The request for the artifact is part of the ongoing campaign by Zahi Hawass, the antiquities chief for Egypt’s Supreme Council of Antiquities, which under Hawass’ leadership has sent requests to nations around the globe for the return of more than 5,000 artifacts which the Council claims rightfully belong back in Egypt. The bust of Nefertiti, the Council counter-claims, was actually stolen in 1913 using illegal documents.
Hawass began his quest in 2002 and has been very successful at working with museums around the world to return artifacts that were genuinely stolen back to the Egyptian people. He is building two museums to house the returned artifacts, the more notable of which, the Grand Museum, is being built alongside the Great Pyramids of Giza. It is scheduled to be finished next year.
Egypt first requested the return of the bust of Nefertiti from Germany in the 1940s but was quickly denied. Hawass’ campaign to collect the antiquities of Egypt has reignited the debate between the two nations over the artifact. He has claimed to have made several formal requests for the piece, including one in 2007 and 2009. He also has requested that the Rosetta Stone be returned from the British Museum, as well as other high-profile pieces from the Louvre in Paris and other prominent museums.
So far the Neues Museum is standing firm — both in their assertion that the bust was acquired legally, and in their refusal to give the bust of Queen Nefertiti back to Egypt. Hawass has promised a fight over the desired antiquities, but may not in actual fact have much legal recourse.
German foundation refuses to return Nefertiti bust
BERLIN/CAIRO | Mon Jan 24, 2011 9:41pm GMT
BERLIN/CAIRO (Reuters) – A German foundation rejected Monday an Egyptian request to return the 3,400-year-old bust of Queen Nefertiti, a sculpture which draws over one million viewers annually to a Berlin museum.
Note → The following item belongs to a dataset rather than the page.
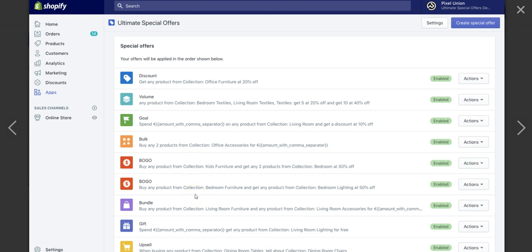You can create bundles. So if you buy my peppermint essential oil and my cedarwood essential oil, you get a better price. You can have the gifts, which is either buy an item from this specific collection, get a free gift, or it can be spend a certain amount of money, get a free gift. And then we have upsells, which is you buy my peppermint oil. And once you get to the actual cart page, it's going to give you a pop-up and ask if you want to buy a portable oil diffuser or something like that.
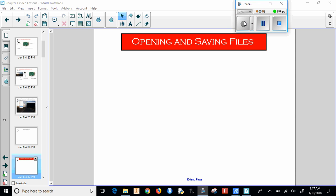Hello, today we're going to talk about opening and saving files and things like that, just kind of file management.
Egypt’s Supreme Council of Antiquities (SCA) sent the request to the Prussian Cultural Heritage Foundation, which runs the Neues Museum in the German capital where the bust is kept.
“The foundation’s position on the return of Nefertiti remains unchanged,” foundation president Professor Hermann Parzinger said in a statement. “She is and remains the ambassador of Egypt in Berlin.”
Egypt’s antiquities chief, Zahi Hawass, appealed to the foundation seeking the return of the bust, famed for its almond-shaped eyes and swan-like neck. However, the foundation said it did not consider the letter an official state request as it had not been signed by Egyptian Prime Minister Ahmed Nazif.
German archaeologist Ludwig Borchardt discovered the bust about 275 km south of Cairo in 1912, and it was taken to Germany the following year.
Hawass, who sent a similar letter in 2009, has said in the past that documents presented by the Neues Museum confirmed Borchardt tried to pass the bust off as a less significant find to secure it for Berlin. The museum has said it was acquired lawfully and Egypt had no legal claim to it.
The SCA, which Hawass heads, said in an email that its request had been approved by both Prime Minister Nazif and the Egyptian ministry of culture.
“This request is a natural consequence of Egypt’s long-standing policy of seeking the restitution of all archaeological and historical artefacts that have been taken illicitly out of the country,” it said.
Hawass has campaigned to repatriate several pharaonic treasures in recent years, including the Rosetta Stone now in the British Museum.